Breaking Glass Pictures: Q&A

(Above: ‘Kanarie.’ Source: Breaking Glass Pictures)

Breaking Glass Pictures is a Philadelphia-based distributor of indie and art-house titles, selected from film festivals around the world.

Rich Wolff
Rich Wolff

The company’s films can be found on Netflix, Vudu, iTunes, Amazon and other streaming services.

The Savvy Screener recently spoke with Breaking Glass Pictures Co-Founder and CEO Rich Wolff about the company’s evolution and plans for the future.

TSS: Why, how and when did BPG get started? Where is BGP based? 

Rich Wolff: Breaking Glass Pictures released its first film on November 17, 2009. The company is based in Old City Philadelphia. 

TSS: How has BGP’s business evolved since in the 10 years since your launch? 

Wolff: That’s a good question – DVD sales have decreased in the industry. However, our own physical goods sales remain healthy. Digital continues to grow nicely, but film is becoming more of a commodity which ultimately hurts filmmakers – getting 5,000 films to watch for $10 month decreases the perceived value of a film. Breaking Glass and others have to work harder to maintain current revenue levels.   

TSS: What makes BGP different from other independent film distributors? 

Wolff: We make ourselves available to our filmmakers – work collaboratively – do our best. There are a lot of good companies out there, and we do our best to stand out.

TSS: What is the breakdown between streaming rentals and streaming sales/downloads? 

Wolff: Streaming rentals are much more prevalent, about 80%, and download to own is about 20%. 

TSS: Is straight-to-streaming more lucrative than straight-to-home video (i.e., DVDs, Blu-ray)? 

Wolff: It depends on the title. A lot of factors contribute to the lucrativeness of a film.

TSS: What specific genres does BGP specialize in?
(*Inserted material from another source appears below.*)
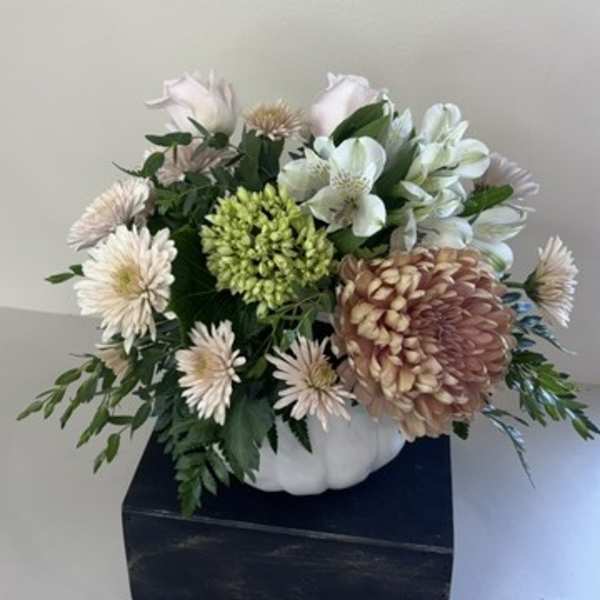 White and pale pink flowers arranged in a white pumpkin-shaped container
Any upcoming titles you can tell us about? 

Wolff: LGBT and foreign language to name a couple. We recently acquired the beautiful, musical drama Kanarie (Canary) from South Africa, the festival favorite Is That You? (Eres Tu Papa?) from Cuba, and a few other films we’ll be announcing shortly. 

TSS: What are your biggest challenges right now? 

Wolff: Sifting through the titles from all the festivals and finding the right titles to add to our catalog. 

TSS: What’s next for BGP? 

Wolff: We have a 10-city release for She’s Just a Shadow, an amazing gangster thriller film shot in Japan, but mostly in English. It’s pretty extreme: sex, drugs, gangsters and a serial killer thrown in for good measure. Adam Sherman directed and wrote the film – he also produced the last two Larry Clark films – Marfa Girl 1 and 2.